◆ GIVEN ENTRIES
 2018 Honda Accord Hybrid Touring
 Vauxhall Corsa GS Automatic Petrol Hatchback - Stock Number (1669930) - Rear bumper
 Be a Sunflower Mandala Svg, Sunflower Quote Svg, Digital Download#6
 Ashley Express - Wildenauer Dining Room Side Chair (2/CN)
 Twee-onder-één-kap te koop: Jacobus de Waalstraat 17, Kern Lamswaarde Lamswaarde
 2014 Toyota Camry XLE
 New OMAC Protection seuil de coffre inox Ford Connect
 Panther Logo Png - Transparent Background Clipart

◆ EXERCISE
Exactly the lines from the one containing "2014 Toyota Camry XLE" to the last line of the entries above must be duplicated, with both of those lines included and nothing more.

◆ SOLUTION TO THE PROBLEM
 2014 Toyota Camry XLE
 New OMAC Protection seuil de coffre inox Ford Connect
 Panther Logo Png - Transparent Background Clipart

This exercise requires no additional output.